This Policy defines the principles, structure, and operational commitments that govern MKS Law’s approach to Environmental, Social, and Governance practices. It formalizes the integration of ESG standards into the firm’s internal operations, strategic positioning, and decision making processes. All provisions are binding, non discretionary, and applicable across all functions and levels.
This Policy is organized into sections that address ESG domains within MKS Law’s internal governance. It is designed for traceability, audit readiness, and integration into existing controls and workflows. This Policy applies in full across all areas and functions and is not subject to selective application.
MKS Law adopts ESG as an internal framework incorporated into its operational and managerial standards. The firm’s approach is grounded in governance, enforceability, and control, and is applied through internal management and oversight. ESG standards are applied as internal criteria for compliance, governance, and operational risk control. This Policy establishes mandatory standards in place of discretionary initiatives, and its application is required with the same rigor applied to internal compliance obligations.

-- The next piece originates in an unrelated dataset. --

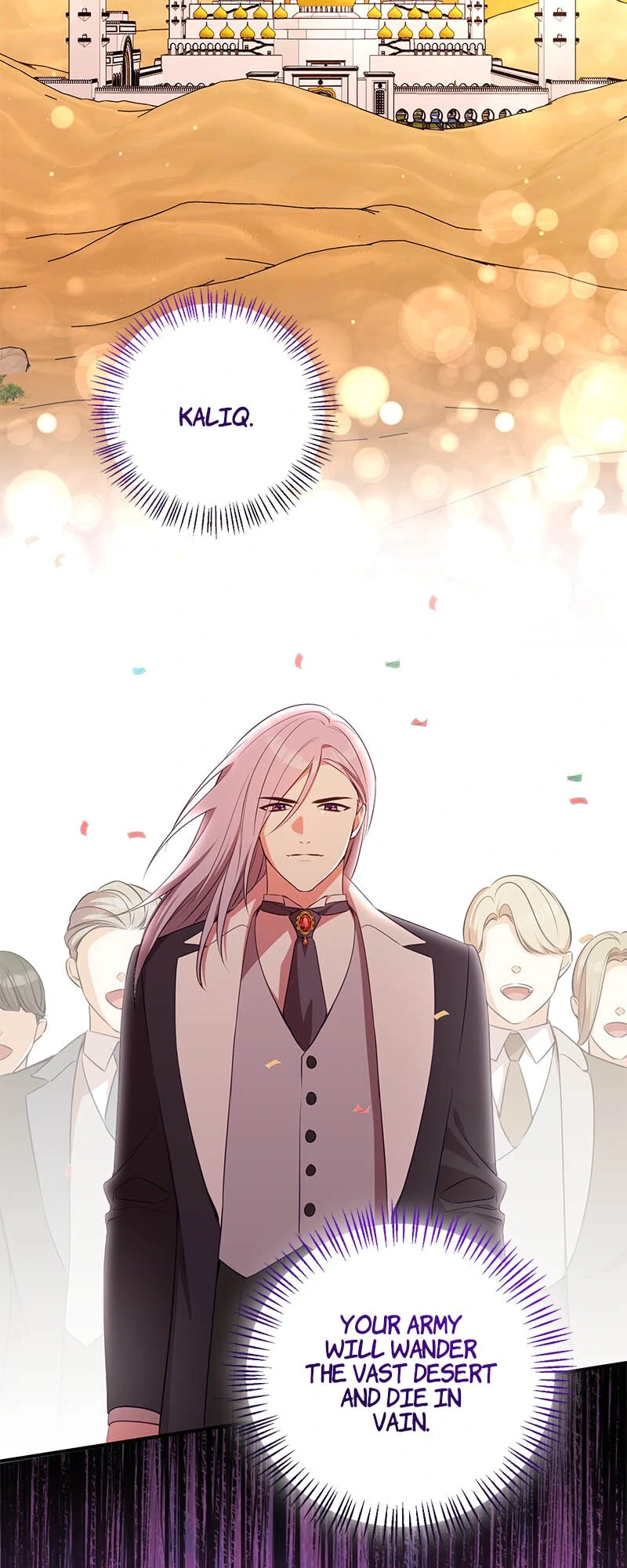 How to Make My Tyrant Husband Love Me Chapter 50 288 62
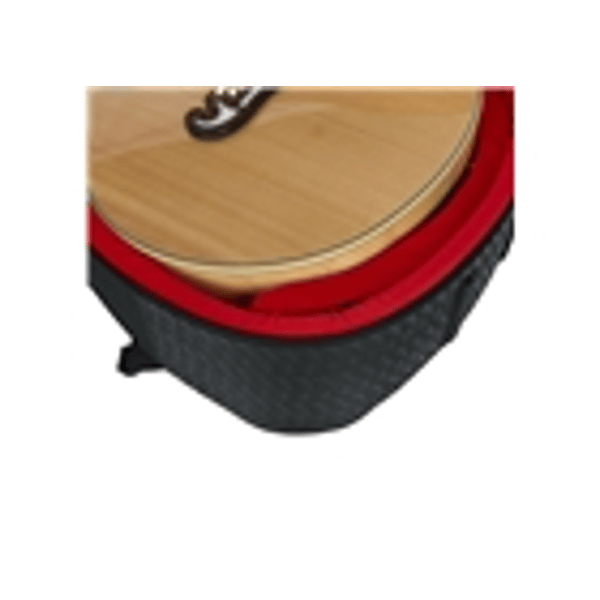 Gator Cases GT-JUMBO-BLK Borsa Transit nera Jumbo acustica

Responsibility for ESG rests with firm leadership. ESG matters are handled under the firm’s existing governance and supervision structure. Decisions, actions, and identified gaps may be recorded when relevant to internal control, institutional review, or third party requirements. Managers are expected to apply this Policy within their areas of responsibility and address deviations when identified. Non compliance with this Policy is treated as an internal matter and may lead to corrective measures.
MKS Law applies standards related to environmental matters through general conduct expectations and reasonable measures compatible with its structure and operations. These considerations may inform internal choices on resource use, digital practices, and third party engagement where relevant to the firm’s activities. The firm may request related information from suppliers and service providers when required for institutional review or third party due diligence, and may record relevant items within its internal supervision framework.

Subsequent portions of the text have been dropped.